Sure, the council’s rezoning meetings can drag. The public hearing part of the meeting tends to bring out developers and neighborhood opponents. It’s 7:34 p.m. and they’re just on No. 6 in a 15-item public hearing agenda. And council member Michael Barnes just pointed out that there have been numerous violations of the Northeast District Plan in recent years. So why didn’t he — or anyone else — think it was worth maybe a little public discussion about why they were violating the South End station area plan, adopted in 2005?
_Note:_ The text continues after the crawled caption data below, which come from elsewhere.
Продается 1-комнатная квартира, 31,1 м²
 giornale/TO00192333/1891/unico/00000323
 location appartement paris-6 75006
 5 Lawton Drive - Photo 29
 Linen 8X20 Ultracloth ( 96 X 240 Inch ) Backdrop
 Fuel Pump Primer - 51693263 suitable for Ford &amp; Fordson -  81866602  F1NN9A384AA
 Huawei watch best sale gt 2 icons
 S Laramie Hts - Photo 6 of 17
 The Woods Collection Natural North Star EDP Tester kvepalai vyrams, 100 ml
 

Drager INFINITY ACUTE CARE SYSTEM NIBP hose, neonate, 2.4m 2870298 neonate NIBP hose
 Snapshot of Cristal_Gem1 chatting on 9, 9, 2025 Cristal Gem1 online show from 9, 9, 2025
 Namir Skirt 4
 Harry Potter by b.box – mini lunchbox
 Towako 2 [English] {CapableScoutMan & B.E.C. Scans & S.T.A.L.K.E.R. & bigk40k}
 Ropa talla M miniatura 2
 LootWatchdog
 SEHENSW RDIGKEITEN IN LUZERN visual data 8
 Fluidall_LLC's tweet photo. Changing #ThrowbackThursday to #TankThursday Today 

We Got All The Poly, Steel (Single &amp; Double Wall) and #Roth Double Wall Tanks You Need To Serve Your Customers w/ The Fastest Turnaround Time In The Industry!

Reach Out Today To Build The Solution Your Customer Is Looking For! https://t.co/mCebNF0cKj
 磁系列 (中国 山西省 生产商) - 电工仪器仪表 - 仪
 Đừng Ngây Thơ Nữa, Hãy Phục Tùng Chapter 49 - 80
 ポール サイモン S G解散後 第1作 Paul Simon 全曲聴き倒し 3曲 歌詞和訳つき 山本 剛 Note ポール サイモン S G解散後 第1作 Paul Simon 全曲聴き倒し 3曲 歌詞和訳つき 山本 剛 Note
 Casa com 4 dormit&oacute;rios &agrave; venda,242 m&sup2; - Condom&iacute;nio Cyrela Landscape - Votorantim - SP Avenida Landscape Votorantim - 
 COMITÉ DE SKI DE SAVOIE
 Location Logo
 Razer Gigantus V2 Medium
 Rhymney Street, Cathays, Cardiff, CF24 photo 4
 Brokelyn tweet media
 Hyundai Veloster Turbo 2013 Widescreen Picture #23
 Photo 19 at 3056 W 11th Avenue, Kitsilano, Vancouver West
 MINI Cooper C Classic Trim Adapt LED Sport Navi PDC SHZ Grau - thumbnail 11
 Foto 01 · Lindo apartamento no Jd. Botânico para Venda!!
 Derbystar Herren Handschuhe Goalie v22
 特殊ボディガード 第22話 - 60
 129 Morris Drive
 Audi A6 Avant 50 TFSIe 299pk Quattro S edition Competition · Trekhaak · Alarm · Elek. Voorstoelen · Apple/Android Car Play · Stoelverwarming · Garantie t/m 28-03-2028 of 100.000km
Maybe there were good reasons. Maybe the 120-foot maximum height limit adopted as part of the Transit Station Area Principles isn’t a good idea after all. You, the voting public, have no way to know why the council members decided to treat their own adopted plans as virtually irrelevant.

They’re on auto-pilot. The biggest issue facing the city for decades has been growth and how to deal with it and pay for its impacts. You’d like to think your elected officials are thoughtfully debating the pros and cons of different growth proposals. Guess what. I’m watching them tonight, and it’s pretty hard not to conclude they’ve abdicated that responsibility.